### Activity
Everything from the line holding "Bețișoare parfumate cu" through the final line of the records is to be transcribed exactly, except pictures, and nothing beyond that.

### Material to process
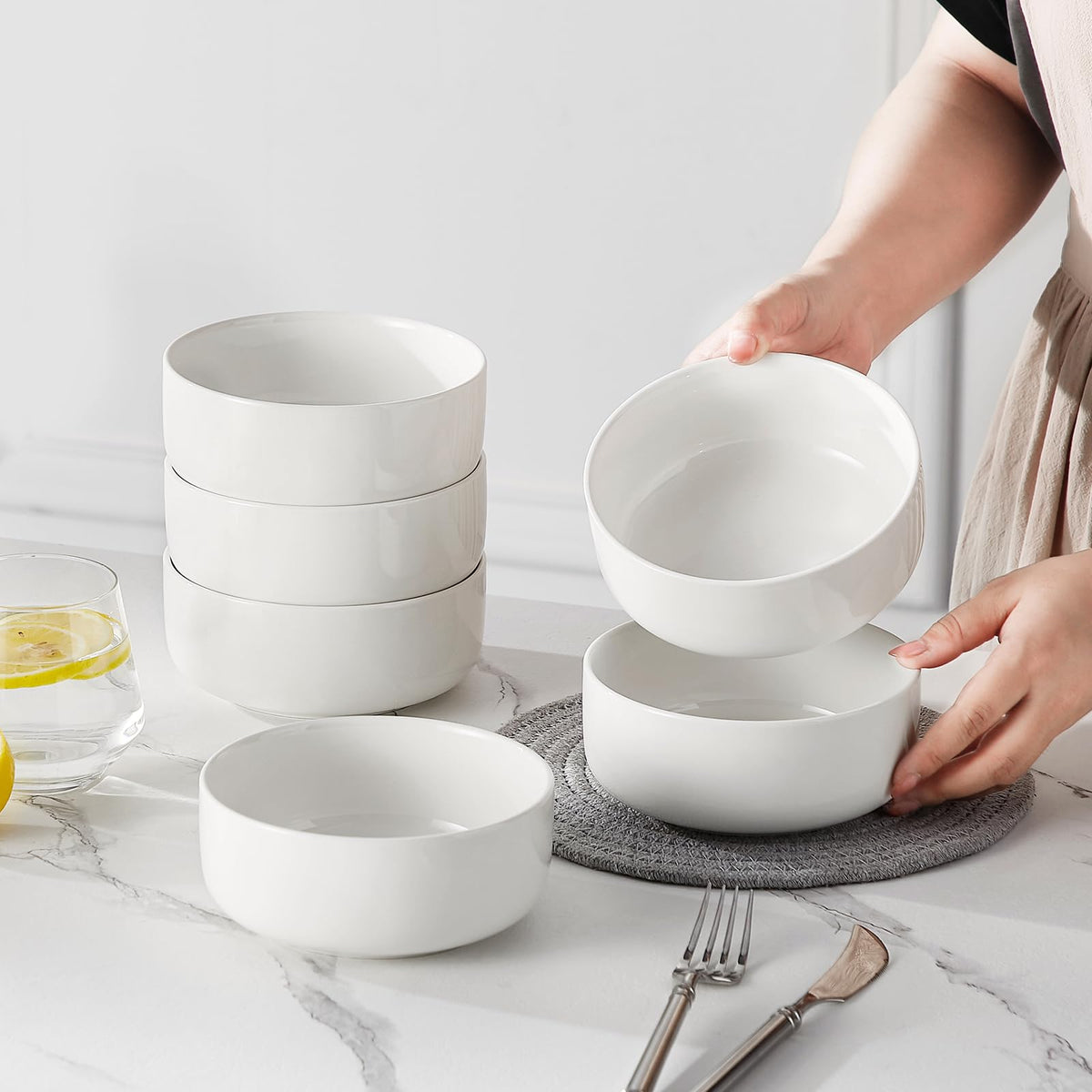 MALACASA LUNA high-temperature fired porcelain boosts durability.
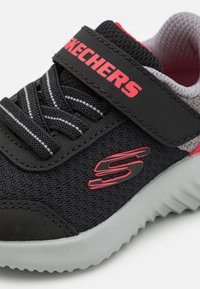 Skechers BOUNDER - Sneakers laag - black/red/grey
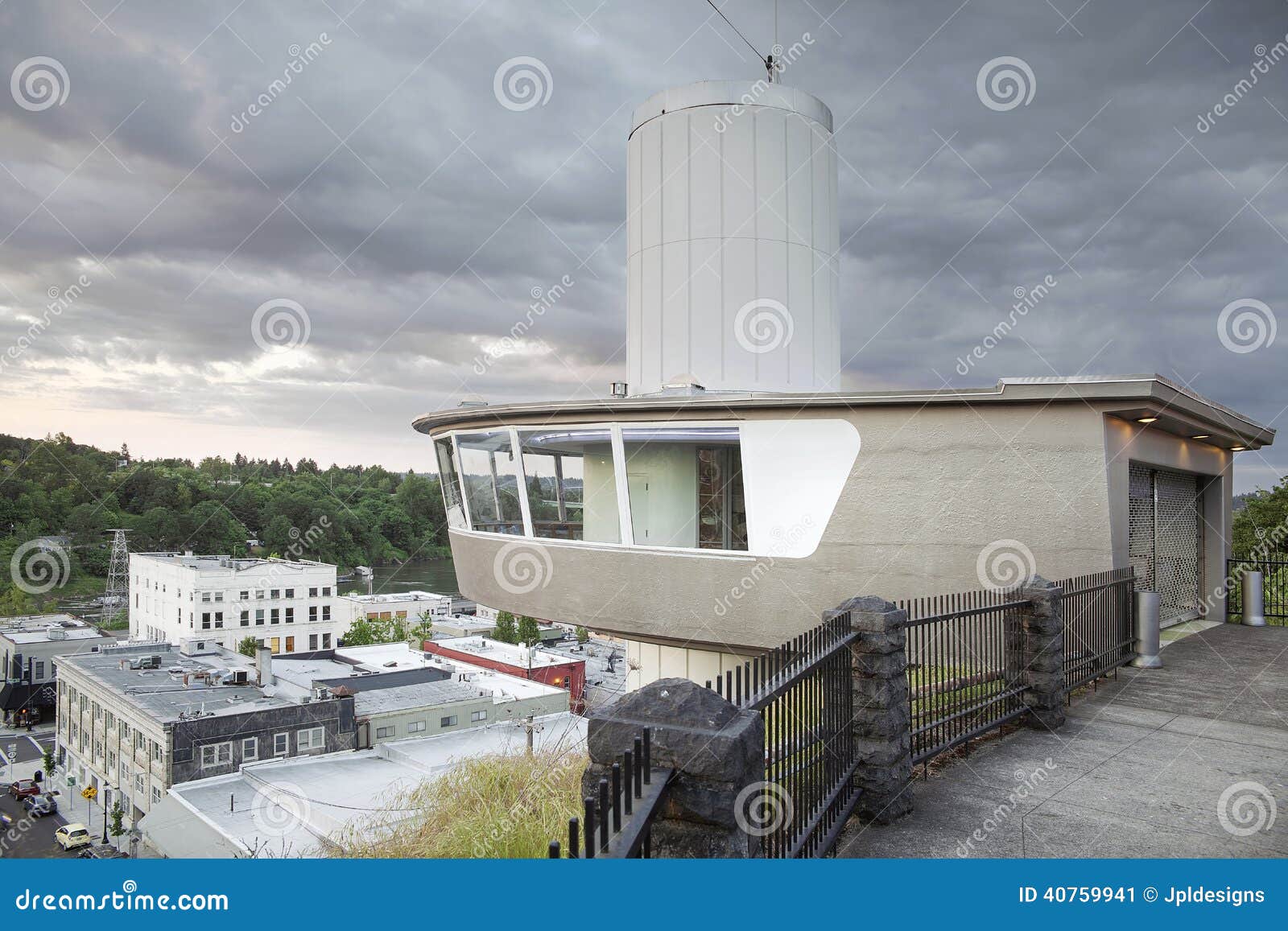 municipal elevator observation deck in oregon city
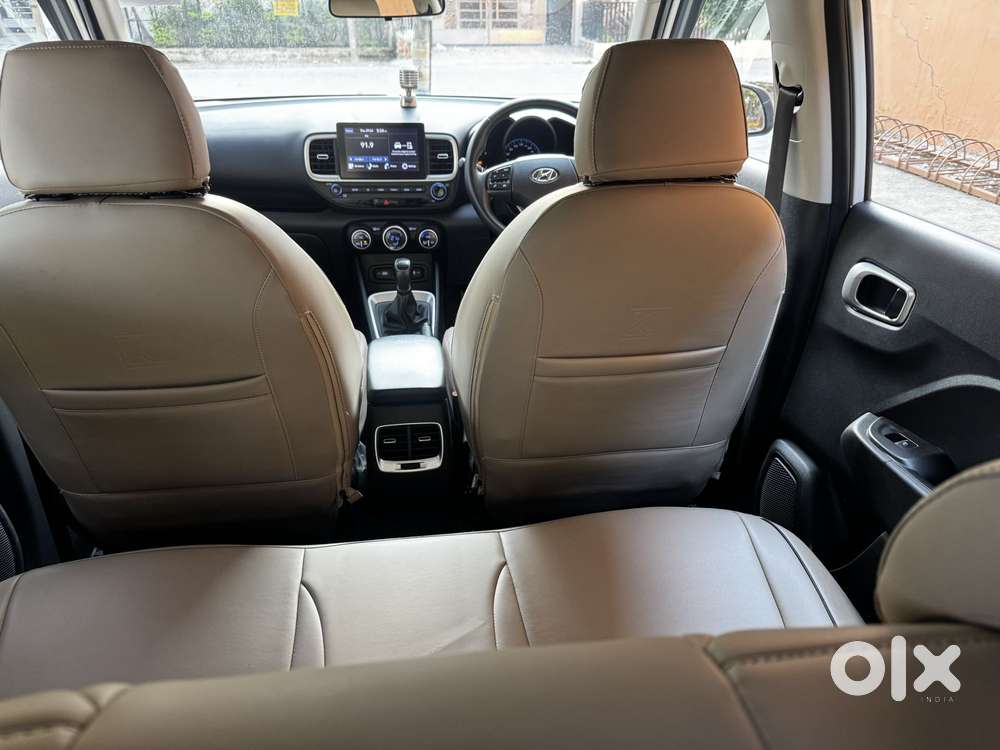 Hyundai Venue S (o) 1.2 Petrol Knight Edition, 2021, Petrol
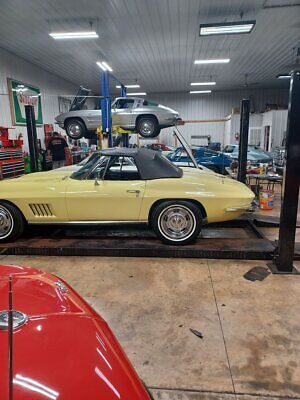 Chevrolet-Corvette-Cabriolet-1967-Yellow-Black-51499-13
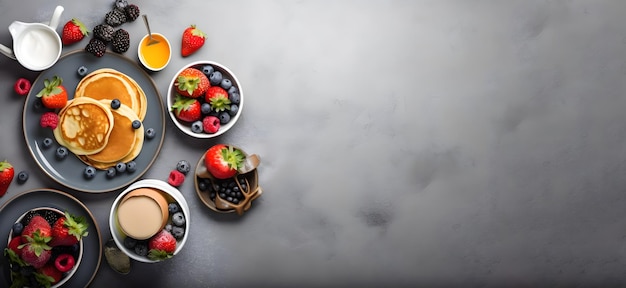 Foto un plato de fruta con bayas encima.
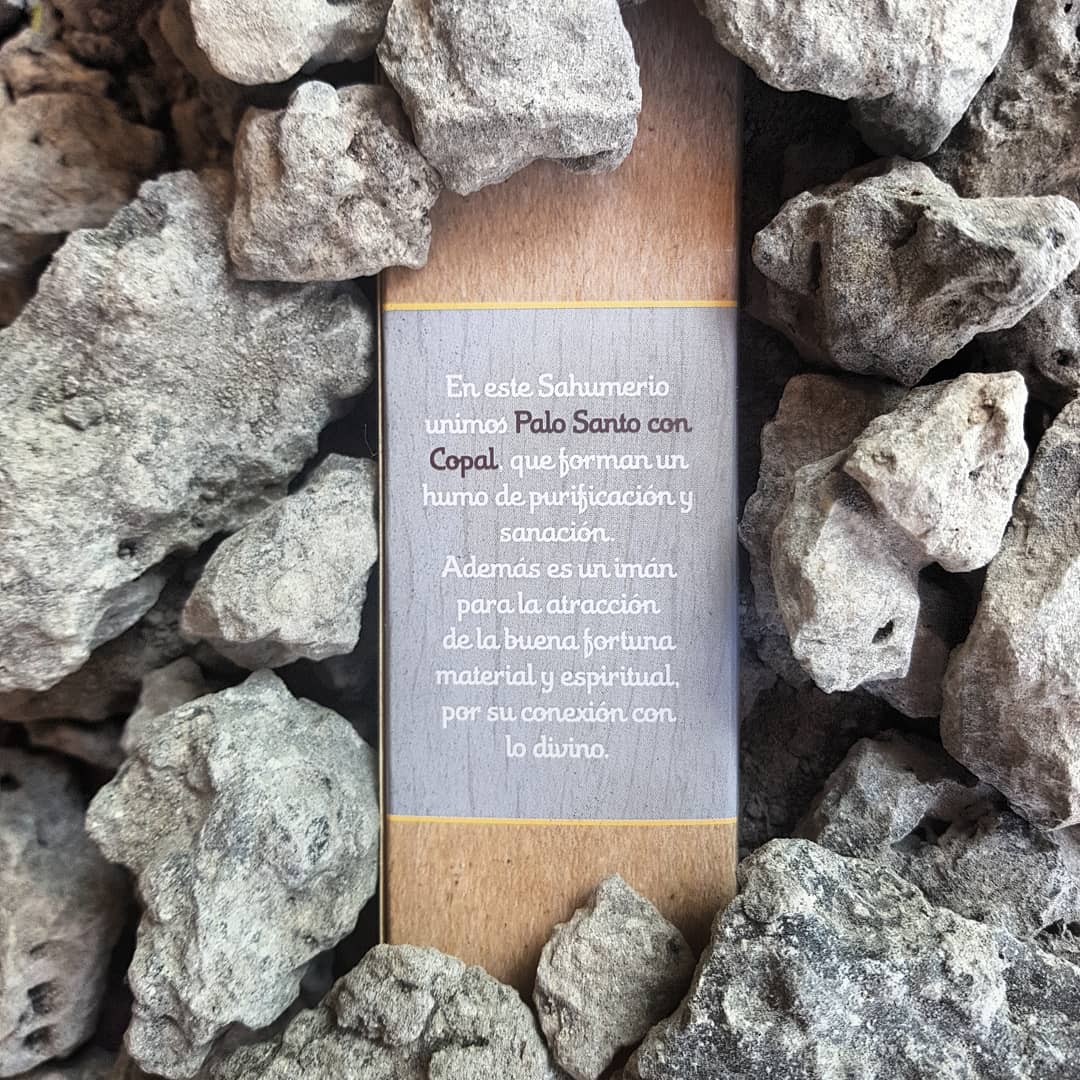 Bețișoare parfumate cu Palo Santo și Copal pentru curățare energetică profundă (SAGRADA MADRE – Palo Santo Linea)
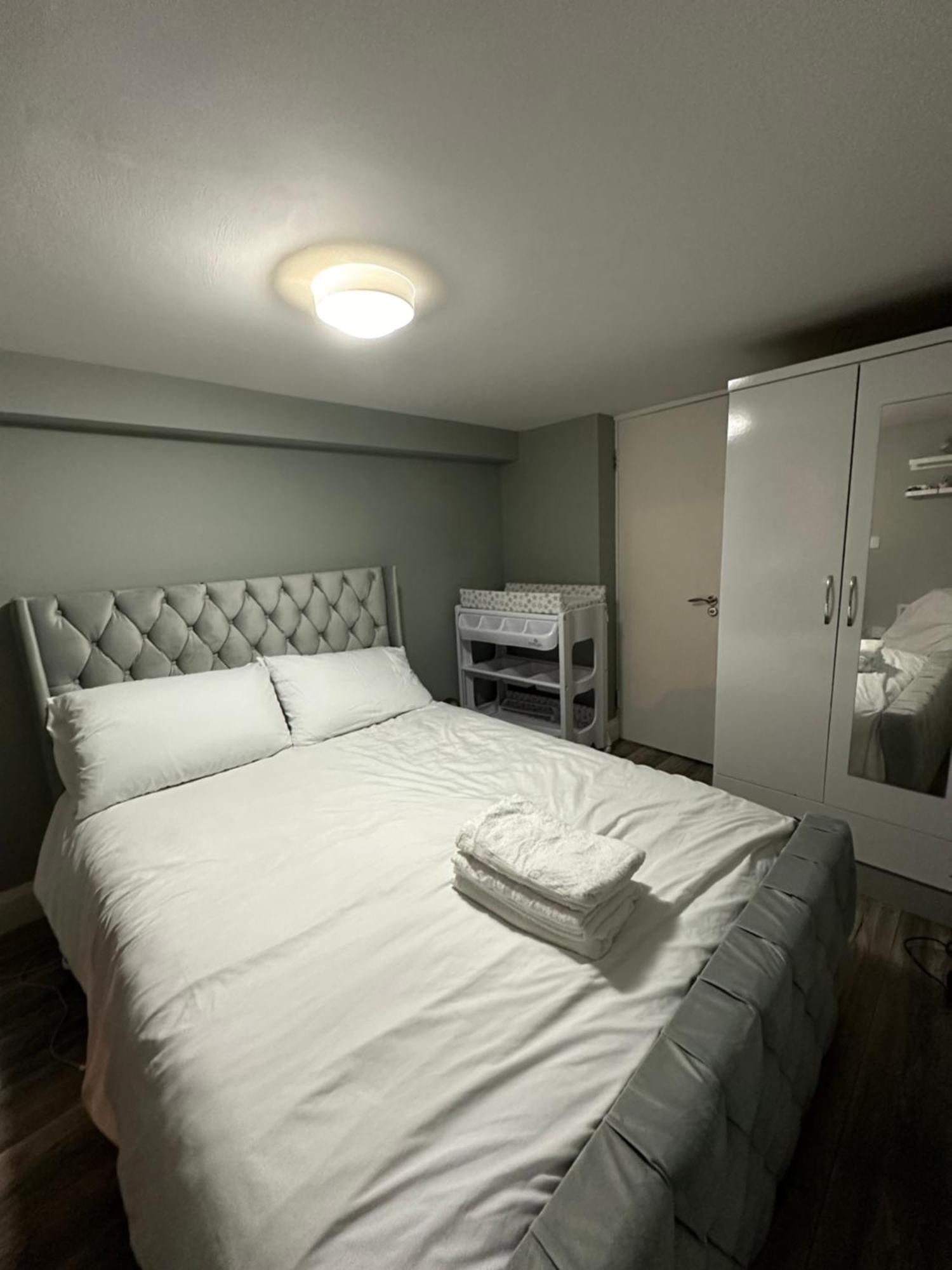 Apartment Entire In *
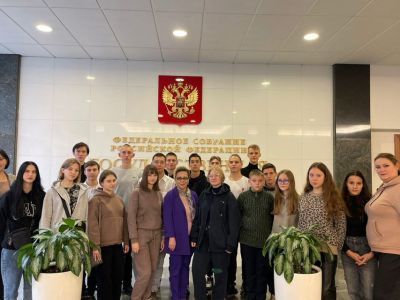 Галина Данчикова провела экскурсию в Госдуме для школьников из ДНР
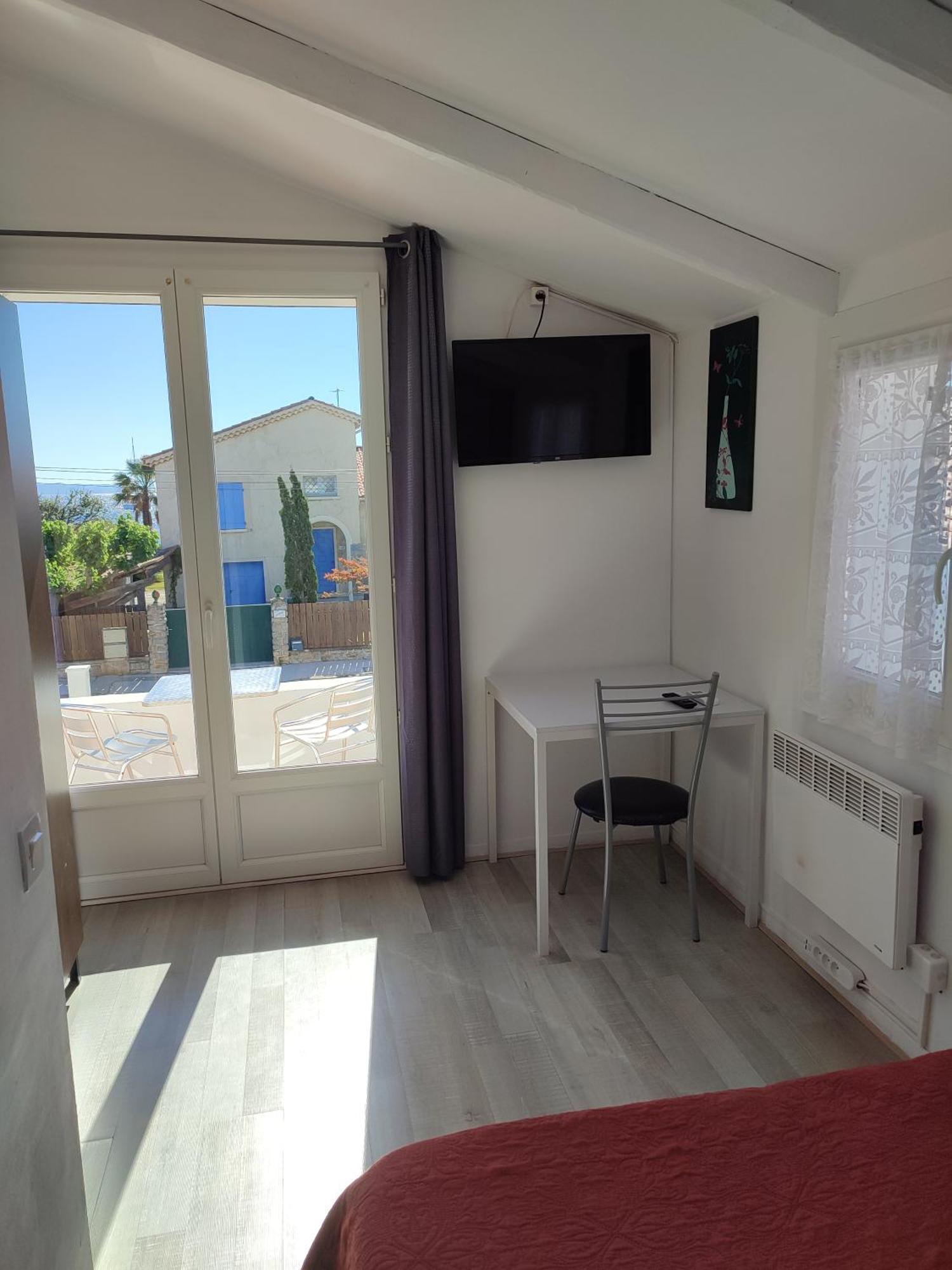 Hotel Le Calypso Hyères المظهر الخارجي الصورة
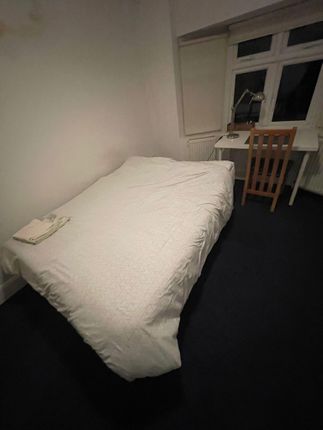 Thumbnail Room to rent in Hendale Avenue, London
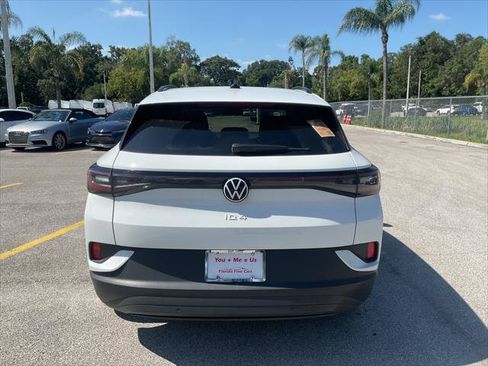 Used 2024 Volkswagen ID.4 2WD image 6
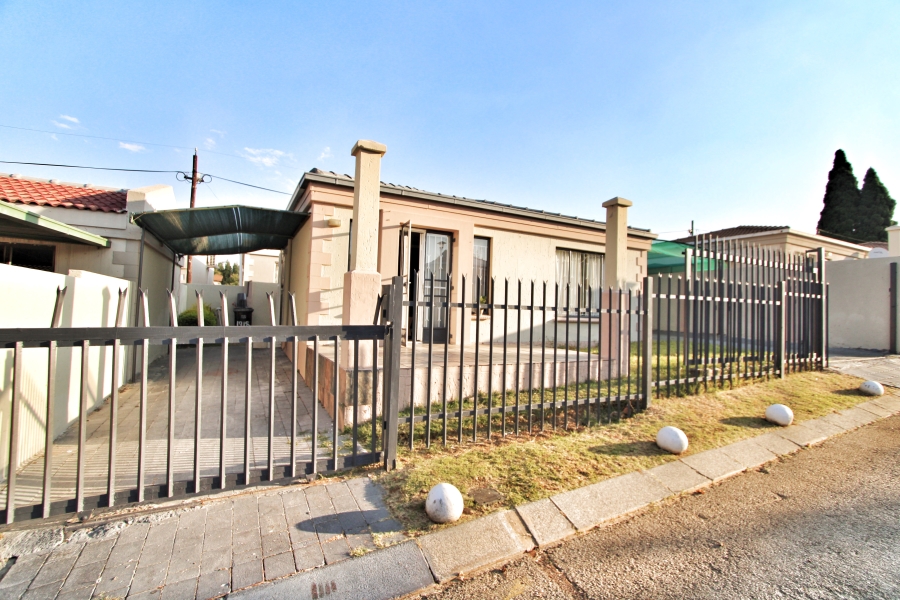 2 Bedroom Property for Sale in Noordwyk Gauteng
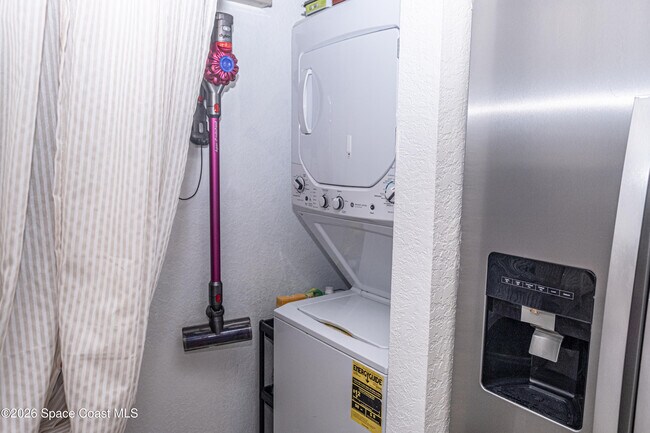 Building Photo - 839 Grand Regency Pointe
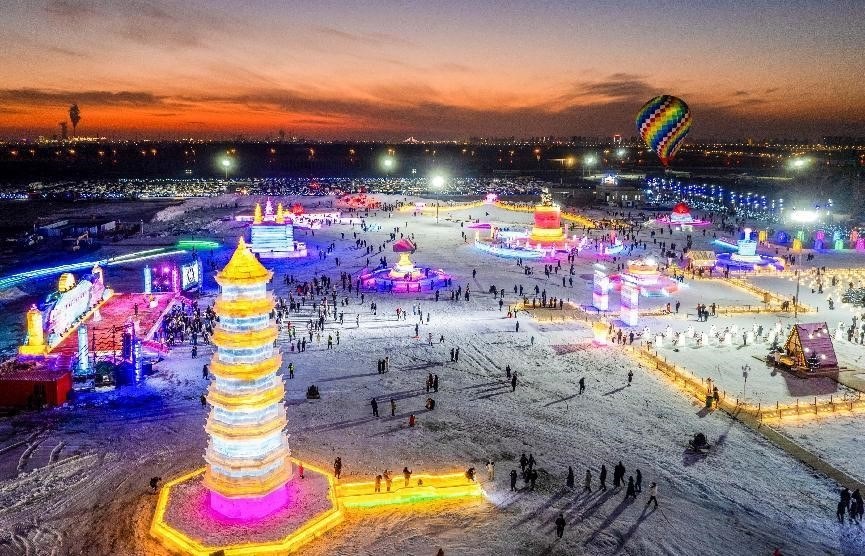 第四屆呼和浩特歡樂冰雪節(jié)活動現(xiàn)場。丁根厚攝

### Output of the task
 Bețișoare parfumate cu Palo Santo și Copal pentru curățare energetică profundă (SAGRADA MADRE – Palo Santo Linea)
 Apartment Entire In *
 Галина Данчикова провела экскурсию в Госдуме для школьников из ДНР
 Hotel Le Calypso Hyères المظهر الخارجي الصورة
 Thumbnail Room to rent in Hendale Avenue, London
 Used 2024 Volkswagen ID.4 2WD image 6
 2 Bedroom Property for Sale in Noordwyk Gauteng
 Building Photo - 839 Grand Regency Pointe
 第四屆呼和浩特歡樂冰雪節(jié)活動現(xiàn)場。丁根厚攝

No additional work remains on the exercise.